Like an aeroplane that tanks up before international flight, migratory birds fatten themselves up, some to the point of doubling their weight, by bingeing on energy foods ahead of their intercontinental flight, says a study.
The findings, which were part of a study by German scientists and researchers of the Gurukul Kangri University in Haridwar, were revealed at a workshop organised by the university in the city on Saturday.
The dean of department of zoology and life science in the university, Dinesh Bhatt, said: "The migratory birds feed on food which gives them energy before taking flight. They fly nonstop for thousands of miles.”
Migration is the seasonal movement of birds, sometimes in search of food and sometimes to breed and raise their young. These migratory birds include both aquatic and forest varieties.
Some migrants almost double their body weight by storing fat before migration, said Frenze Vierlin, the director of Institute of Avian Research in Germany, who was part of the study.
"To prepare for migration, birds become hyperphagic - meaning they eat more food, which is stored as fat for their long migratory journey. Fat is normally 3% to 5% of a bird's body mass. Some migrants almost double their body weight by storing fat before migration," he said during his visit to Haridwar.
So how do birds know it’s time to gorge on fat-rich food.
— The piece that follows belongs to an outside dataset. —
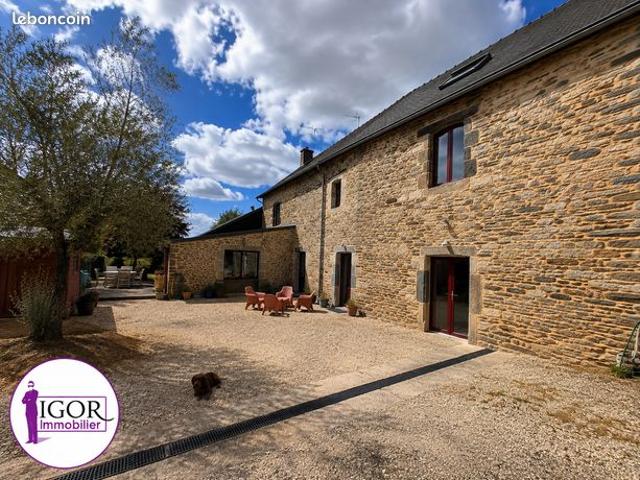 Propriété 7 pièces 222 m²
Their body is programmed to release certain enzymes during the migratory season of the year, which sets off the urge to pick up fat-rich diet, said Bhatt.
Through the central route of the globe, 322 species of birds migrate to India from Europe while 281 come from the African subcontinent.
Arctic tern, a seabird, holds the record for longest migration distance—flying about 30,000 km each year travelling between its Arctic breeding ground and non-breeding area in the Antarctic.
Only 29% of bird species migrate from one country to another. Birds such as hawks and vultures migrate during the day while many songbirds are unable to fly to their non-breeding grounds non-stop. They make pit stops to rest and feed during migration.